Abraham, Bailey e Sancho: la carica degli "ex romanisti" spinge verso il Bologna
LONDRA (Regno Unito) - Allarme rientrato in casa dell'Aston Villa per quanto riguarda il portierone campione del mondo Emiliano Martinez. L'argentino si era chiamato fuori dal riscaldamento pre-partita domenica in occasione del pareggio (1-1) in casa del Nottingham Forest, lamentandosi di un dolore al polpaccio. Dal club però è trapelato che si è trattato di una misura precauzionale e che alla base del dolore vi sia semplicemente stato un'affaticamento muscolare e nulla più. Martinez sarà a disposizione quindi anche se, sempre in via precauzionale, è possibile che tra i pali venga confermato il secondo, l'olandese Marco Bizot, che ha fatto diverse parate decisive contro il Forest. "Abbiamo due portieri di ottimo livello, deciderò più avanti - aveva dichiarato nel post-partita Emery - Ma sia Marco che Emi offrono garanzie assolute".
Il dubbio di formazione
Per il resto, salvo i lungodegenti Boubacar Kamara e Alysson Santos, l'unico punto interrogativo riguarda Jadon Sancho (spalla), più no che sì per la gara con il Bologna. A livello di formazione, probabile il rientro di Konsa (a riposo contro il Forest) a fianco di Pau Torres in difesa, con Cash a destra e uno fra Maatsen e Digne a sinistra. In mediana, Douglas Luiz potrebbe far rifiatare (anche alla luce del 3-1 dell'andata) uno fra Onana e Tielemans. Rogers, apparso affaticato ultimamente, potrebbe partire dalla panchina, lasciando il ruolo sulla trequarti a Barkley, con McGinn e Buendia (o Bailey) sulle fasce. In attacco Abraham insidia Watkins per una maglia da titolare. Proprio Rogers, a secco da sette partite, è sotto i riflettori. Nella prima metà del campionato è stato tra i migliori giocatori di Premier League (e probabile punto fermo della nazionale di Tuchel) ma ultimamente è apparso appannato, con i maligni che danno la colpa alle voci di mercato. "A me sembra caricato e focalizzato - afferma Emery - È un giocatore fondamentale per noi e, fisicamente, uno di quelli che può tranquillamente giocare tre gare a settimana. Ha due anni di contratto e sta producendo con qualità e continuità".

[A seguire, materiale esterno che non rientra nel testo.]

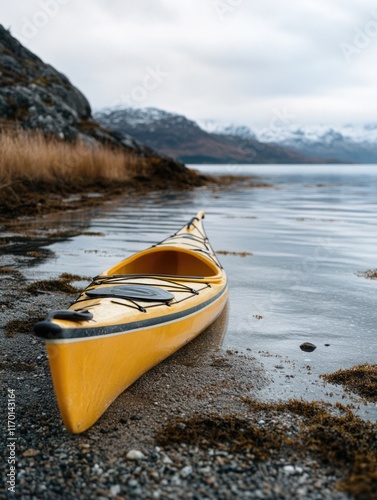 Yellow kayak is sitting in the water near a rocky shore. The scene is calm and peaceful, with the water reflecting the sky and the mountains in the background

Aston Villa a rischio esclusione dalle coppe
Intanto il club ha reso noto il bilancio dettagliato per la stagione 2024-25, rivelando un fatturato di 378 milioni di sterline (circa 434 milioni di Euro) per un utile di 17 milioni (19,5 milioni di Euro). Numeri che però vanno esaminati con cautela perché includono la cessione di due beni del club - la squadra femminile, che ha provocato un utile di 78 milioni di sterline e il “Warehouse”, l'area-shopping e bar accanto allo stadio, responsabile per un utile di 36 milioni di sterline - alla holding che detiene lo stesso Aston Villa. In altre parole, i proprietari hanno venduto a se stessi, generando 114 milioni di sterline (130 milioni di Euro) di fatturato. Uno strategemma contabile permesso dal Fair Play Finanziario della Premier League (ne hanno approfittato, tra gli altri, l'Everton dei Friedkin e il Chelsea) ma non da quello dell'UEFA, che non riconosce questi introiti. E senza queste due fonti, il passivo sarebbe ben oltre i 110 milioni di Euro. Dato che l'Aston Villa è già in regime di sanzione UEFA, diventa importantissimo fare bene in Europa League e, soprattutto, riguadagnare la Champions l'anno prossimo. Il rischio di non fare le coppe l'anno prossimo è reale.